**Action item:** Could you show all lines in the entries below that contain the string "from"?

Source data:
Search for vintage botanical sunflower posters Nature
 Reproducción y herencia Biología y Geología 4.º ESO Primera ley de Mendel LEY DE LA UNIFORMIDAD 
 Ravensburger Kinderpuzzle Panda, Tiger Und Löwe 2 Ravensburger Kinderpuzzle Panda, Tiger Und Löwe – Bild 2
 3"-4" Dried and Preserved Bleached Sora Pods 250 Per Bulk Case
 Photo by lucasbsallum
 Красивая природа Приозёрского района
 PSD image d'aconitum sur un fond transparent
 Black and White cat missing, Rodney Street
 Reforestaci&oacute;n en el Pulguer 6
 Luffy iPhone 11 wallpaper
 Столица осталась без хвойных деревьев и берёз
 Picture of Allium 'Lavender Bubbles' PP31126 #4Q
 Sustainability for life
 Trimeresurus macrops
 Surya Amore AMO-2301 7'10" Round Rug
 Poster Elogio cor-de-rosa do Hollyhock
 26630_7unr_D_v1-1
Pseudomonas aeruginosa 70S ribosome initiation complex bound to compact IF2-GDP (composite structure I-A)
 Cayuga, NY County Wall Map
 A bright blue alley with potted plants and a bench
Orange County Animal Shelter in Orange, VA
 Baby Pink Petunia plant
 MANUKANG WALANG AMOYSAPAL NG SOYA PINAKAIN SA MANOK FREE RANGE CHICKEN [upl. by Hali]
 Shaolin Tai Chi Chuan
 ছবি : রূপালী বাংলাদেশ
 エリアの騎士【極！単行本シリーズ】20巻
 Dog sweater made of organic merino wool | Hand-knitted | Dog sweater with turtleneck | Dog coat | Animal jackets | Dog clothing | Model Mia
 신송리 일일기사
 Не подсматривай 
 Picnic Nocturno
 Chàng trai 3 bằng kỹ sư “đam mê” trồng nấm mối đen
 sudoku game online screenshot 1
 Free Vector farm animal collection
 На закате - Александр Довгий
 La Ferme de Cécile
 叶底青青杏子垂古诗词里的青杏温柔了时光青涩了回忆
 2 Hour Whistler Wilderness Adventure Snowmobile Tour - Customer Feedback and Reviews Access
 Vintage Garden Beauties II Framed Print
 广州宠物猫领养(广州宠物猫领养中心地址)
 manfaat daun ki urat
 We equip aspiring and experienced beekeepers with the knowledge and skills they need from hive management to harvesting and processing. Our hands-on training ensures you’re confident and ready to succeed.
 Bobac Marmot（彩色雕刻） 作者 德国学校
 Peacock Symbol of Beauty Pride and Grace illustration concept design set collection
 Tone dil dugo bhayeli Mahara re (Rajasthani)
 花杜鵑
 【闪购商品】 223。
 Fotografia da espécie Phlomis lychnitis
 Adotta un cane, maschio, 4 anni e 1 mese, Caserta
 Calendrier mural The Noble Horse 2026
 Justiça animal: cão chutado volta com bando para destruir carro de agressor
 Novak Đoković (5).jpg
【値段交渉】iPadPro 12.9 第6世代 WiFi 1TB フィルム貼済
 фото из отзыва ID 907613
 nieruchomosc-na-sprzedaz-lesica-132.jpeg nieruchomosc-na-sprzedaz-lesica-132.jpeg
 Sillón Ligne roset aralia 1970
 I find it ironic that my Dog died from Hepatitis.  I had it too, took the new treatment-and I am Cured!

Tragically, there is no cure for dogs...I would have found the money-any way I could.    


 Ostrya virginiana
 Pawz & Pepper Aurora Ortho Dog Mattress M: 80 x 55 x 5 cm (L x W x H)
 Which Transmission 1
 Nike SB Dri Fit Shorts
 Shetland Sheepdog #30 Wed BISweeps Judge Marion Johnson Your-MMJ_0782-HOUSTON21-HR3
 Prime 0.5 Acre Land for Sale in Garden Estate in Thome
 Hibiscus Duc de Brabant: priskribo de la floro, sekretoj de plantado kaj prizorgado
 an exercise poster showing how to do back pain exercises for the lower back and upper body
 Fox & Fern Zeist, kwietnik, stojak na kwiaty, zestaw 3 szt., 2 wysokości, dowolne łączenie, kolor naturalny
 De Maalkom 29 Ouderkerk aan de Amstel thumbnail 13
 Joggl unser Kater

**Response:**
 We equip aspiring and experienced beekeepers with the knowledge and skills they need from hive management to harvesting and processing. Our hands-on training ensures you’re confident and ready to succeed.
 I find it ironic that my Dog died from Hepatitis.  I had it too, took the new treatment-and I am Cured!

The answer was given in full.